Young people want to be treated as intelligent figures

Whenever I speak to parish groups around the country the issue of passing on the Faith to younger generations always arises. There is general anxiety around it, particularly from parents and grandparents who see their children unmoved by the Faith.

How can this be? How can it come about that, despite the vast network of Catholic schools, most young people find themselves unengaged by the Faith? Most Irish young adults spend around 14 years in Catholic education and yet have little knowledge or understanding of the Faith. What are we doing wrong?

I think there is a fundamental problem in the way we try to engage with young people. Teenagers and young adults today are supremely well-educated. They also have access to infinite knowledge and information via the internet. Never before in the history of humanity has so much knowledge been so widely available. Is the Church keeping apace? Hardly

Challenged

The problem is that too many people in religious education don’t take religion seriously. Young people in school are constantly challenged and have their minds expanded. Whether it’s mathematics, or science or history young people are used to being pushed to excel. But, when they come to religion class are they challenged or are they simply reduced to watching videos or handed colouring-in books?

It’s as if many people involved in religious education have lost their confidence in the Faith. They themselves do not know the answers to some of life’s deepest questions so they assume the Faith doesn’t have the answers. In this context Catholicism is too easily reduced to mere sentimentality: a comfort blanket for the lonely and nice stories for children.

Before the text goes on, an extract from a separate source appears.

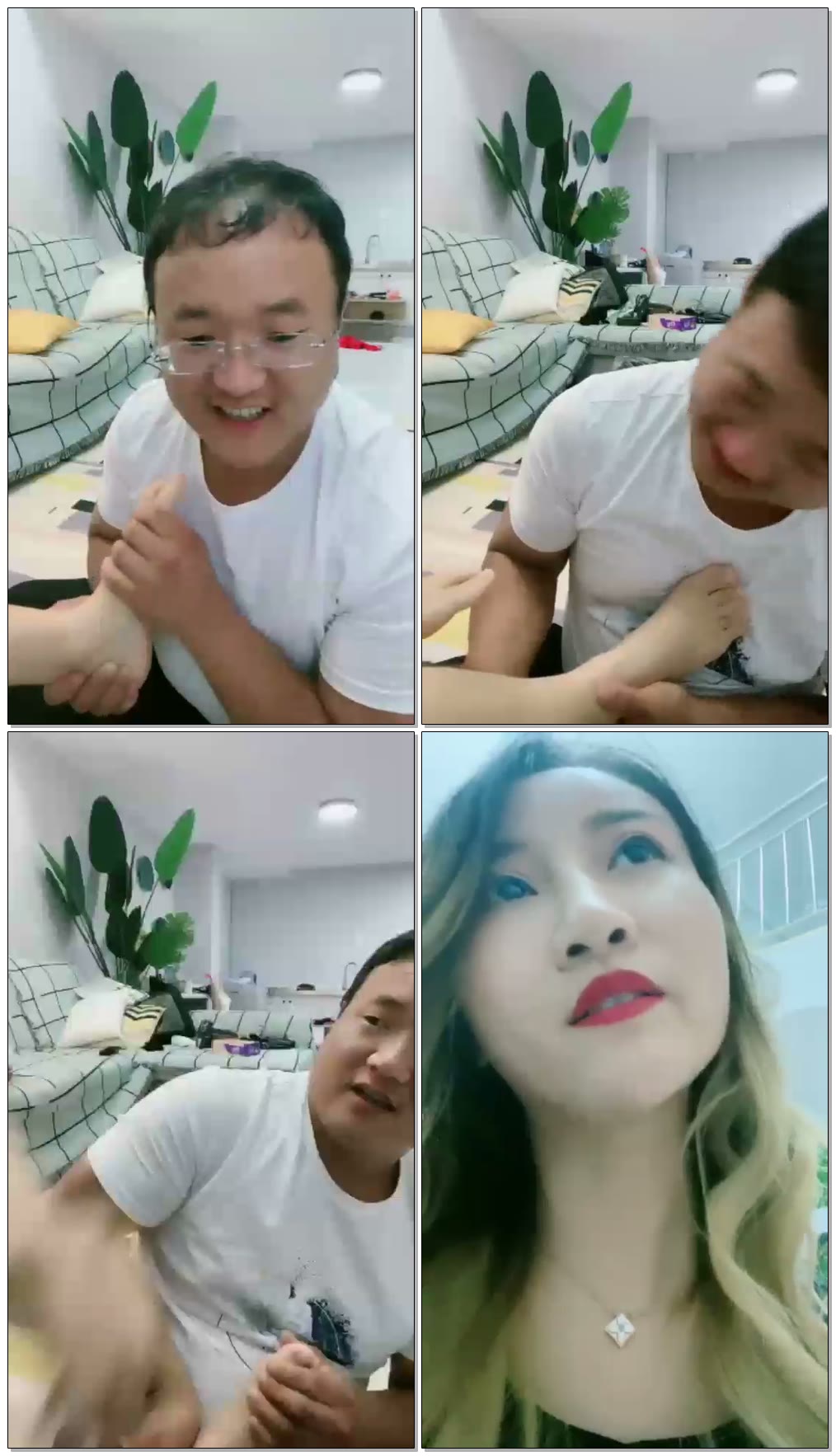 【美雅S】四妞捏脚【51分钟】【标清】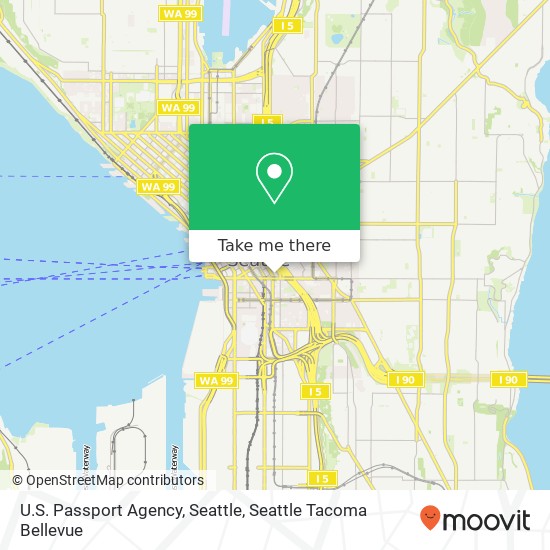 U.S. Passport Agency, Seattle map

If teenagers and young adults, when faced with deep questions like ‘who am I?’ or ‘what is life for?’, hear only twee sentimentality and inadequate platitudes from the Church is it any wonder they walk away?

Sentimentality and a ‘feel good factor’ will sustain people for a while, but when the big questions arise, faith built on sentiment and feelings falls like a house of cards.

Dumbing down

Catholicism is a radical call, it is about discipleship. But when asked to describe it to young people we too often fall back on pious clichés like “it’s about being nice to people!” If that’s all there is to Catholicism, it’s no surprise that young people take a brief look then walk on.

There is nothing specifically Catholic or Christian about being nice to people. It’s a human thing rather than a religious thing.

We too often fall in to the trap of dumbing down the faith. And a dumbed-down faith, particularly at a time when young people are better educated than they have ever been, is a disaster. It looks pathetic.

And when young people experience a dumbed down faith they think the Faith is stupid, that it is not capable of answering life’s deeper questions.

Life is complex, complex as never before. Young people are constantly faced with issues and challenges that those of an older generation couldn’t have imagined. But, the faith can meet these challenges.

Our Catholic tradition can rise to the encounter and engage young people with the deepest questions of life. However, it can only do this if it is presented in an intelligent and coherent way. Young adults and teenagers don’t want balloons and markers when they come to Church.

Liturgies

They don’t want cringe-inducing liturgies with music or drama sketches that seemed edgy decades ago. Young people want to be treated as they are: intelligent young adults faced with complex realities and with difficult questions to ask. To be welcomed as seekers on a journey, doubters aspiring to faith.

If we as a believing community can’t rise to this, young people will continue to look elsewhere.